Les conditions de travail, le processus de production et la gestion
Les céramistes de la Bouenza n’ont pas d’atelier, tous travaillent chez eux. Ils disposent, néanmoins, d’un local, qu’ils louent à l’année et dans lequel  ils entreposent les pièces à même le sol. Leur activité n’est pas organisée et chacune des étapes de production est d’une grande pénibilité et comporte un certain nombre de risques : extraction de l’argile dans une zone reculée et sans brouette pour la transporter, le broyage laborieux au galet, le façonnage, la cuisson à même le sol et le décor des pièces encore chaudes.
Aussi, les artisans n’ont aucune notion de gestion et de comptabilité. Bien que le coût de revient soit quasiment nul (gratuité de la matière première et absence de locaux), les artisans n’ont aucune conscience du mode de fixation du prix de vente qui doit prendre également en compte d’autres postes tels que la main d’œuvre, la taille ou le décor des objets.

L’accès au marché
Le marché local pour la céramique poterie est porteur. En effet, des acheteurs se déplacent jusqu’à Loutété pour commander la poterie locale en grande quantité. La commercialisation est ensuite faite à Pointe-Noire, Brazzaville ou encore Dolisie. Les produits qui semblent se vendre le mieux sont ceux qui sont depourvus de décors. Par ailleurs, d’autres marchés locaux pour les objets utilitaires pourraient s’ouvrir à ces artisans en démarchant les restaurants et hôtels de la région. A ce jour, aucun lieu d’exposition valorisant les produits n’existe. 

Apports

Les préconisations d’Agnès se sont révélées très utiles pour les artisans et ont permis d’apporter des solutions concrètes aux problèmes techniques rencontrés pendant le processus de production :

  • Les techniques de cuisson : la cuisson directe avec chauffe progressive pour éviter que le pièces ne se cassent ainsi que leur noircissement, qui n’est pas indispensable.
  • Travail des finitions : vernissage des produits avec le jus d’écorce rouge pour un aspect «cuir»,
  • La standardisation de l’offre :  fabrication de prototypes (gargoulettes, canaris, etc.), réalisation de fiche technique par produit
  • Elargissement de la gamme de produits : gobelet, dessous de plat, bijoux, boîtes
  • Essai de nouveaux décors.

Agnès a également travaillé sur des aspects plus organisationnels comme le développement d’outils de comptabilité-gestion : l’utilisation d’un cahier de gestion de base, listant les recettes et les dépenses, un catalogue de référence et un cahier de gestion des stocks.

Avec l’appui de la compagnonne, les artisans ont commencé à travailler à la réalisation d’un catalogue de présentation des produits, tenant compte des différentes tailles, contenances et décors proposés et qui fixe également le prix du produit.

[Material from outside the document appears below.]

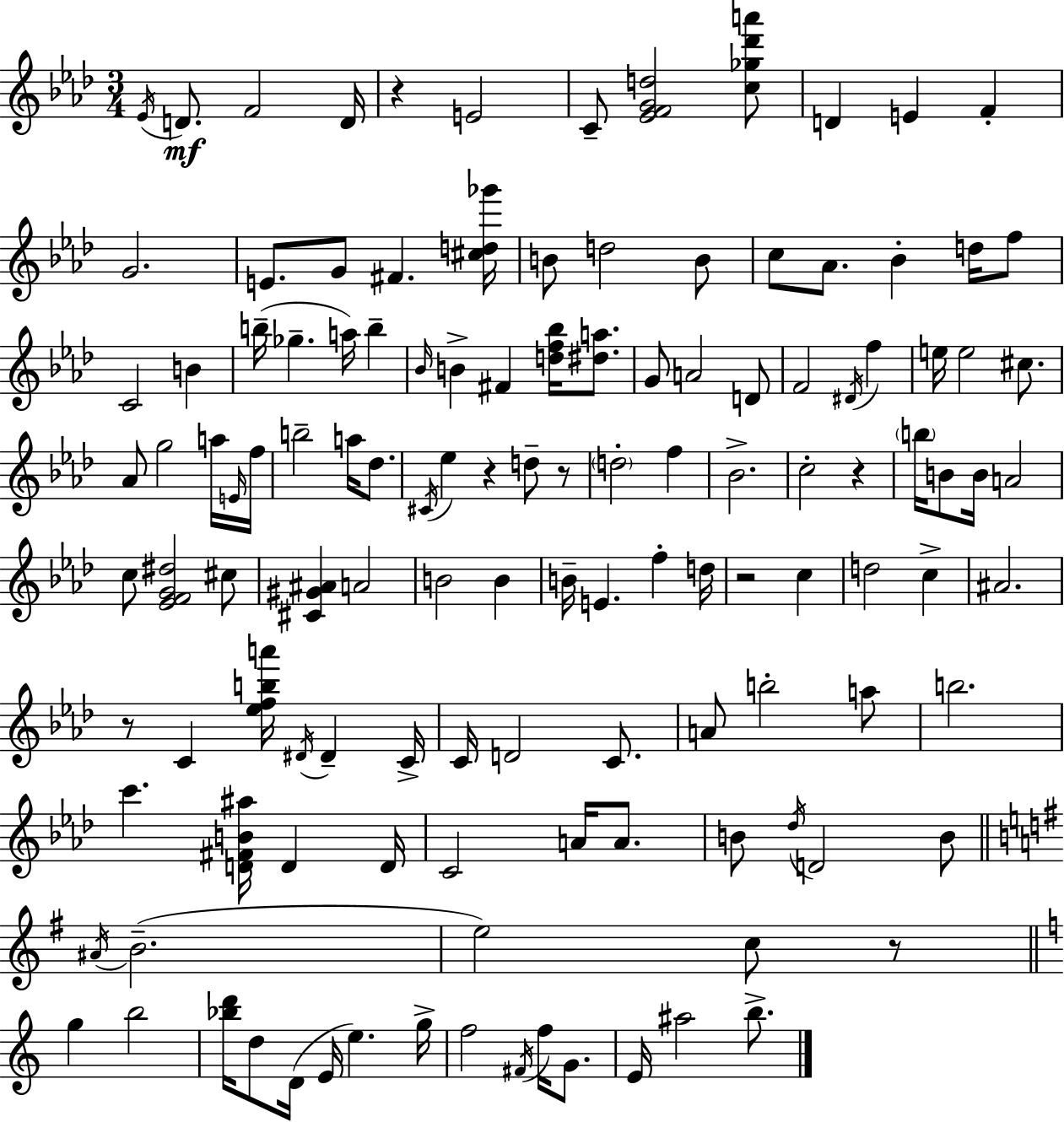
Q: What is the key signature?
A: AES major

Enfin, la compagnonne, avec l’appui de l’équipe locale, a réunit l’ensemble des bénéficiaires  pour les amener à réfléchir à la mission concrète qu’ils souhaitent conférer aux deux coopératives : intérêt d’un bon ciblage des objectifs, d’une bonne répartition des tâches entre les différents membres et l’identification d’un lieu et d’outils communs. 

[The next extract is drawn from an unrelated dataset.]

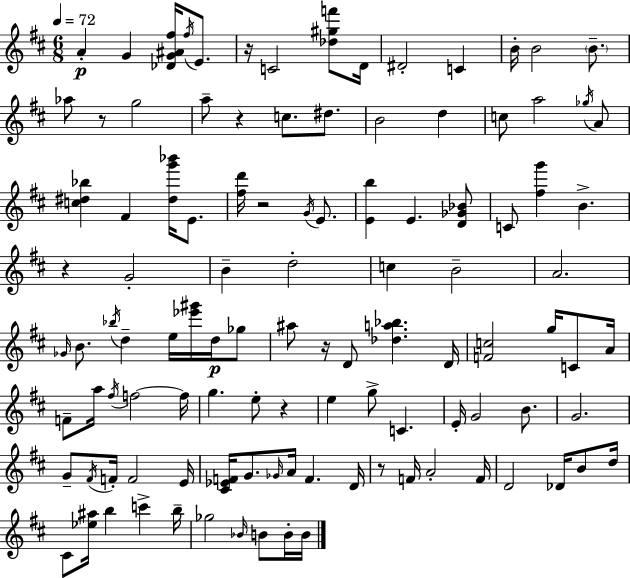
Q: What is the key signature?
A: D major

Conclusion et préconisations

Tout d’abord, la forte identité culturelle des produits de ces artisans  (notamment avec des produits comme la gargoulette et le canari) constitue un véritable atout sur un marché local qui semble porteur.
Un certain nombre d’actions concrètes à conduire sur le court terme ont été identifiées par la compagnonne et pourraient constituer le cadre de la future action collective des artisans de la Bouenza :

La structuration des coopératives :

  • Définition précise des objectifs et répartition des tâches et fonction des différents membres,
  • Lancement d’une production de petites séries en sélectionnant des produits « porteurs » et « spécifiques » à chacune des deux coopératives, de manière à diversifier l’offre,
  • Standardisation des produits et constitution d’un catalogue des produits des coopératives,
  • Construction d’un local pour accueillir les bureaux, les ateliers et exposer les produits.